Massive discounts and midweek mini-breaks: 20 ways to book a fantastic, more affordable holiday

Illustration of a man in swimming costume peering out from behind two cardboard palm trees
Don't be fooled by fakes! Illustration: Ryan Gillett/The Guardian

The summer holidays are almost upon us, which, for an increasing number of Britons, means only one thing: being scammed out of thousands of hard-earned pounds. Action Fraud, the national reporting centre for fraud and cybercrime, revealed in May that it had received 6,457 reports of holiday fraud in the last financial year, an increase of 41% on the previous year. The average loss was £2,372 per person, with 44% of victims in their 20s and 40s – dispelling the myth that only older people fall prey to fraudsters.

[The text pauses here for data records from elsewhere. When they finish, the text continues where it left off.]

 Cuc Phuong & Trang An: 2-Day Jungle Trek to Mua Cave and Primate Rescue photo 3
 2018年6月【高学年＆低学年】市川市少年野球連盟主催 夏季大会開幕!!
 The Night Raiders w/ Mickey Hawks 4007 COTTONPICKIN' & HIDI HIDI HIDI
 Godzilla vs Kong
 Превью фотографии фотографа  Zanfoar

Even without the scams, holidays can be a huge expense in a cost of living crisis – and Which? reported that getaways this summer could cost up to 70% more than last year. But before you resign yourself to another summer at home, try these booking tips to outsmart the scammers and bag a great deal.

Beware clones and fakes

One of the biggest threats comes from cloned comparison, airline and holiday websites. These look like the real deal but have a small change to the url, from to .org, for example. They may even send fake confirmation emails or booking references – Anna Bowles, the head of consumer policy and enforcement at the UK Civil Aviation Authority, says: “Some victims only realise they have fallen victim to fraud when they are at the airport to check in for their flight, only to be told that their booking does not exist.” Check the url carefully and Google the site to find the official one.

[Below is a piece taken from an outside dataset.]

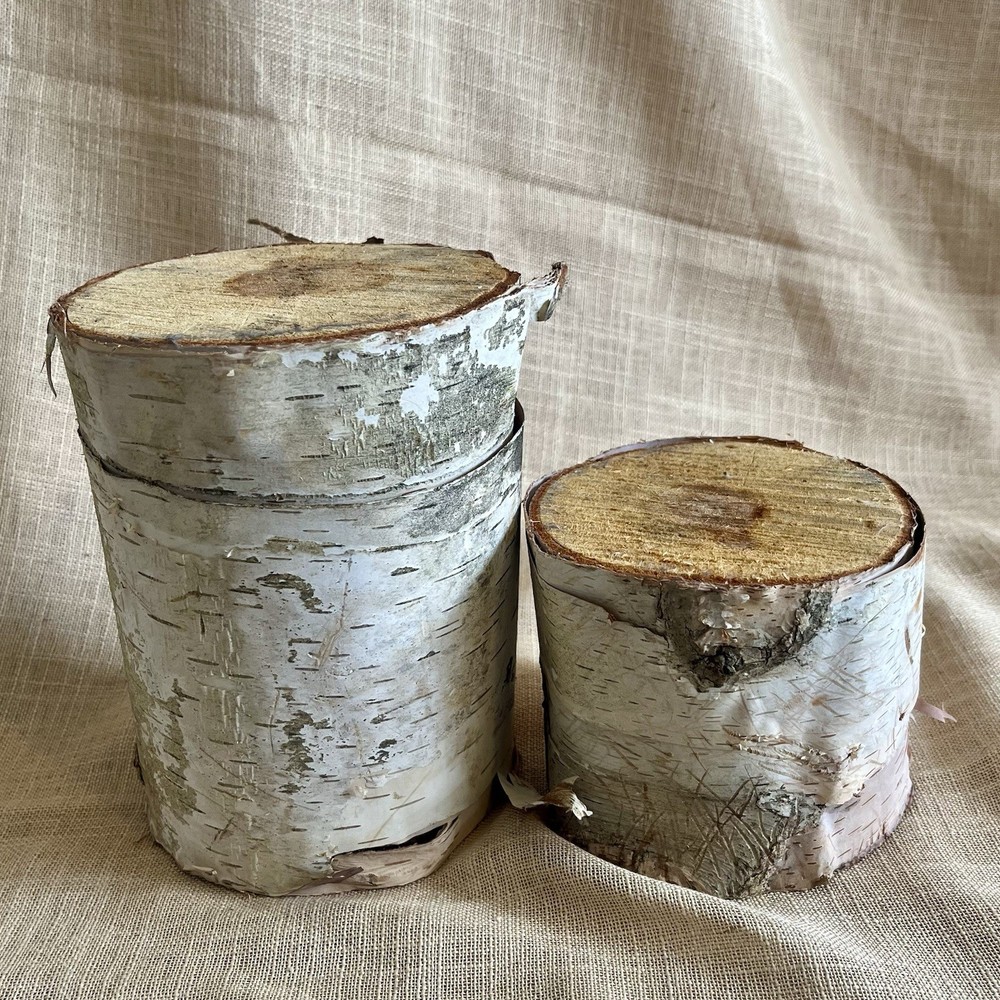 Pair White Birch Bark Tree Log Risers Stands Primitive Rustic Wedding Decor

Fake sites, as opposed to clones, can often be spotted by spelling mistakes, grammatical errors and low-quality pictures. Valid businesses should have a phone number and registered address and, ideally, accreditation from a travel body such as Abta or Atol. Worryingly, Bowles says an emerging trend is fake Atol protect numbers, so cross-check on the Atol website. Sites such as Trustpilot can verify the company is genuine.

Don’t trust companies whose only online presence is on social media and don’t click on links in social media posts or emails. Never respond to unsolicited emails, calls or texts.

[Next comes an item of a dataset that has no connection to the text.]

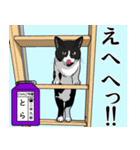 にゃんこ学園(PART5)（個別スタンプ：30）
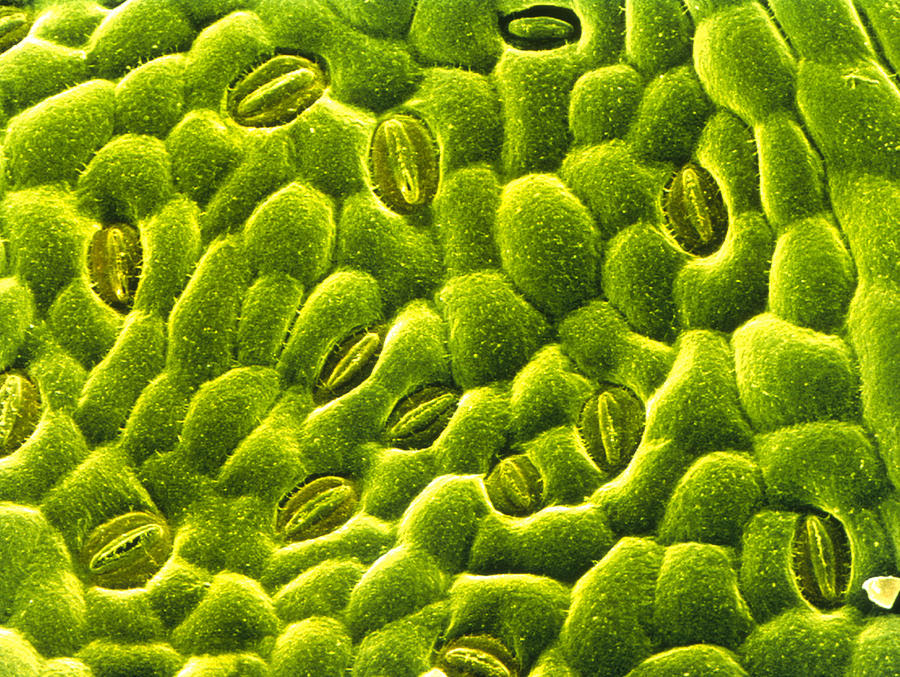 June 2015 – PLANT STOMATA ENCYCLOPEDIA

Don’t be fooled by the pictures

Fake listings steal images of gorgeous villas/luxury hotels/fancy apartments and pass them off as their own. Do a reverse image search (right-click on the picture and select “search image with Google”) to see where else the image appears online. If the same picture is illustrating multiple different properties, it’s a scam.

At the less extreme end of the spectrum, keep an eye out for fish-eye lenses that make rooms look bigger than they are; overly staged images and closeups of objects (designed to distract you from, say, a grotty bathroom); and signs of digital manipulation – stretched or blurred edges, odd shadows and unrealistic colours.

Illustration of a cursor arrow puncturing a beach ball
Check travel websites’ claims with Google Maps and Street View. Illustration: Ryan Gillett/The Guardian

Use a map

Some hotels and holiday homes may stretch the truth about the location – “a stone’s throw from the beach” could require a very strong arm. Put the address into Google Maps to check, and consider using Street View (although bear in mind it might not be up to date if the property has been recently refurbished). Make sure the location suits you as well as the property itself: has it got good transport links and nearby shops/restaurants, for example? Claire Wills, the director of the holiday rental site Coolstays, says: “We hear lots of stories about guests who try to get to very rural places without a car or any supplies and expect Deliveroo to reach them.”

Read online reviews …

Check out the reviews on the business’s own website and on sites such as TripAdvisor or FeeFo. If there are no first-person reviews, only edited (or invented) testimonials, that could be a red flag. Ditto very old reviews, suspiciously similar reviews, a sudden flood of rave reviews and one-off reviews from users who have never posted before. It can also be useful to read the responses from the owners/managers – are they polite, friendly, open to constructive criticism?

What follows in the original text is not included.